I wish to draw the attention of family physicians to the fact that a very low level of total cholesterol is also not good. Earlier it was found that patients with overweight constitution and pot belly are prone to ischaemic heart. Similarly patients with very thin and lean constitution are also more likely to suffer from ischaemic heart disease e.g. our late Prime Minister Shastri, who died of myocardial infarction in Russia.
I have read of some reports stating that patients having very low cholesterol are more prone to myocardial infarction. Such cases are now being picked up more often because of the auto-analyser blood reports, where 12-20 blood tests are being reported in a routine health check up.
Last week, I saw a patient with a routine health check up report showing total blood cholesterol of 60 mg. This is the third patient, which I have seen during the last few years. I advise such patients to take care of other risk factors like overweight and smoking, and to go for a brisk walk, one hour daily.
I often wonder that such patients may be more prone to an ischaemic heart. The only explanation I can think of is that if the total cholesterol of such patients is 60 mg, their HDL cholesterol cannot be more than 30 mg!
I have decided that the next time I see a patient with very low cholesterol, after asking for his HDL cholesterol level, I will put him on CETP inhibitors as soon as the drugs are available in the market.
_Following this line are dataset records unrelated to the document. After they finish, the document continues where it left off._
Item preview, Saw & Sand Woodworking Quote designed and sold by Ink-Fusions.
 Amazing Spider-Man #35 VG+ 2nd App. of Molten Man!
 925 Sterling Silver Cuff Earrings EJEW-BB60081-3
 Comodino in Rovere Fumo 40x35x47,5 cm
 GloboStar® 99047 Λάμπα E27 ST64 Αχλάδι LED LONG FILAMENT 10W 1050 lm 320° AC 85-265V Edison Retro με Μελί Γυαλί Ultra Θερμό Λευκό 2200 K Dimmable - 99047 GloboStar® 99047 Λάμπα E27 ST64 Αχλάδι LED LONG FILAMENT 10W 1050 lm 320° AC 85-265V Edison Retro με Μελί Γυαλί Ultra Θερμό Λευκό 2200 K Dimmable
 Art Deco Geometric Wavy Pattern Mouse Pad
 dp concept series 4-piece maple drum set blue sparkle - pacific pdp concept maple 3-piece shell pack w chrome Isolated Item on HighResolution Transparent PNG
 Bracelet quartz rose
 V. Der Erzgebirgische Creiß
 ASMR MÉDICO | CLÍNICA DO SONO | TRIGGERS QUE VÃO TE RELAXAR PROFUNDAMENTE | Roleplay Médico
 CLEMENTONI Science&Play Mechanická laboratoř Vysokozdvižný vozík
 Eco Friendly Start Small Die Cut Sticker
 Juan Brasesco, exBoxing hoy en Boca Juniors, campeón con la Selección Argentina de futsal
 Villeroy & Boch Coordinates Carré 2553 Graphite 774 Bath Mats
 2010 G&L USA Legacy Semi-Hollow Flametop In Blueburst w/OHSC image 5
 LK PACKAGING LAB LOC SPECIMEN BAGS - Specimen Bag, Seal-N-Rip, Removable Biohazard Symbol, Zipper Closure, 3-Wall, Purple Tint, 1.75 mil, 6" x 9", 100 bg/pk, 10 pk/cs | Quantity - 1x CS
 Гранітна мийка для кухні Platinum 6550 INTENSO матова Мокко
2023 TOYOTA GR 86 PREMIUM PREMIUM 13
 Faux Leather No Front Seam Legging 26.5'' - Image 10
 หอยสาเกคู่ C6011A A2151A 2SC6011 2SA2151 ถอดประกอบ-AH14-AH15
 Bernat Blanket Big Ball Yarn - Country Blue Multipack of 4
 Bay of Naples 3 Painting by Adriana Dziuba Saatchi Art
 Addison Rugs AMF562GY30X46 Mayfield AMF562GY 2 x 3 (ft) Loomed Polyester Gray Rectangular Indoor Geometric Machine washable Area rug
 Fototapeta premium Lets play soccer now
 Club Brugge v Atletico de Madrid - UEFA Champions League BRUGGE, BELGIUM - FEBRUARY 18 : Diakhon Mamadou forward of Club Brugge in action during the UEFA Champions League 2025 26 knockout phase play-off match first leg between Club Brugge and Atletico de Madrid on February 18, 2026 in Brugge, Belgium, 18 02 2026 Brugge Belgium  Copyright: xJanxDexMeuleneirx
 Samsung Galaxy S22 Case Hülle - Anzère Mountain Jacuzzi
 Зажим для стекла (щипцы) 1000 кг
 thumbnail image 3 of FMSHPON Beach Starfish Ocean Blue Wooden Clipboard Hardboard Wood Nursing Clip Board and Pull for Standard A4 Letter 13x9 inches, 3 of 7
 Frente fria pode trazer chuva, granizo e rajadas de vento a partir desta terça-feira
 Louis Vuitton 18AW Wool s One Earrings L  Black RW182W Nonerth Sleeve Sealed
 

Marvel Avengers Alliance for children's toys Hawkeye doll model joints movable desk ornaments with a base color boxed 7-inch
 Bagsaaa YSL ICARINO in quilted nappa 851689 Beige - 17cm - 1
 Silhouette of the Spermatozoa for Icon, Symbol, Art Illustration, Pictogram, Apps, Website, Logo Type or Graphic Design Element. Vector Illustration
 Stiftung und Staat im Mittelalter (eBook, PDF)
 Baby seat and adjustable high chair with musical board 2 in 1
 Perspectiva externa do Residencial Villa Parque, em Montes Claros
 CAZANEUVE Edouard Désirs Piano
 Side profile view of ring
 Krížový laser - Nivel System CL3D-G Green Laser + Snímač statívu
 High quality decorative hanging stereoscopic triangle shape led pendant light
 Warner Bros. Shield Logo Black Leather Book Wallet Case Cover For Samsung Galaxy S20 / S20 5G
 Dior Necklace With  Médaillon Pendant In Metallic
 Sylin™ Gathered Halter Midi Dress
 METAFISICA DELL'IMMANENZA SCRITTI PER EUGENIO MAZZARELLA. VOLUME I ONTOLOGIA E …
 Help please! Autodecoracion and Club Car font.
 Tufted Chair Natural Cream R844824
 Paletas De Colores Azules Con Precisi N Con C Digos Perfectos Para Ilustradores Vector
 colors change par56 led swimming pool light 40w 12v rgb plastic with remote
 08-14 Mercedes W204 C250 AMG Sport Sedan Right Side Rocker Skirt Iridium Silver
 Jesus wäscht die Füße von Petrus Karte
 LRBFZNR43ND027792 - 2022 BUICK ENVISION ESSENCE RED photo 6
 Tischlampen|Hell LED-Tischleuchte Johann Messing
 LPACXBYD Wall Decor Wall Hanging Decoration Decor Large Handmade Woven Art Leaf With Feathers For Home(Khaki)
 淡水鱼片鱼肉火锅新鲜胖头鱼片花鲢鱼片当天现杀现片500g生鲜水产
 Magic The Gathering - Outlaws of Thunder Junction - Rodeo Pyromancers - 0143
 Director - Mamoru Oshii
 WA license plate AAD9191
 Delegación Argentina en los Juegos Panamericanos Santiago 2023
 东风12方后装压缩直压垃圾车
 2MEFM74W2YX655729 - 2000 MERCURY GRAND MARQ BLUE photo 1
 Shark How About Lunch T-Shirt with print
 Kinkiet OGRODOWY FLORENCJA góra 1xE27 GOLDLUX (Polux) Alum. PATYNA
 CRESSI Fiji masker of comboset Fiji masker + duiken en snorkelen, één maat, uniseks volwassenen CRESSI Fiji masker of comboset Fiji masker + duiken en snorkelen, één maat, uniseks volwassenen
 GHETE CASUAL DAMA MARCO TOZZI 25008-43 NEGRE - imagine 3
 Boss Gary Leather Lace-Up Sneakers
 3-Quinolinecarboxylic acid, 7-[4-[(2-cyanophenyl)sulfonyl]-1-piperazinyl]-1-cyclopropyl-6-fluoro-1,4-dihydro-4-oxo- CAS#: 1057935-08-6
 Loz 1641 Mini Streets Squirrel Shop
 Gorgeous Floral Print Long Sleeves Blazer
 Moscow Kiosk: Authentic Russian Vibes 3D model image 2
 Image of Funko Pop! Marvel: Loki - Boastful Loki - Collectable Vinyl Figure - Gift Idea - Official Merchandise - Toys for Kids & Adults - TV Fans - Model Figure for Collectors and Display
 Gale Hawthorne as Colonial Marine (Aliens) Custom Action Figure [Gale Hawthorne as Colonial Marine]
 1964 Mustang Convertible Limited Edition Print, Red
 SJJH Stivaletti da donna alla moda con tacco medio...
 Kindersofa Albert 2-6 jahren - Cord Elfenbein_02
I would also like to advise all my colleagues and family physicians to do the same, so that the subject of very low cholesterol levels as a cause of IHD is not neglected.
This is especially important, because often the family physicians wrongly advise patients to have boiled food (according to them, a little bit of ghee or butter increases "LDL" cholesterol) and put them on very large doses of statins to lower the LDL cholesterol. Infact, a little bit of butter or ghee spread on a slice of bread or chapatis "increases" the "HDL" cholesterol. Vice versa boiled food in the long run decreases HDL cholesterol levels.
Ex. Hon. Physician, Jaslok Hospital and Bombay Hospital, Mumbai, Ex. Hon. Prof. of Medicine, Grant Medical College and JJ Hospital, Mumbai 400 008.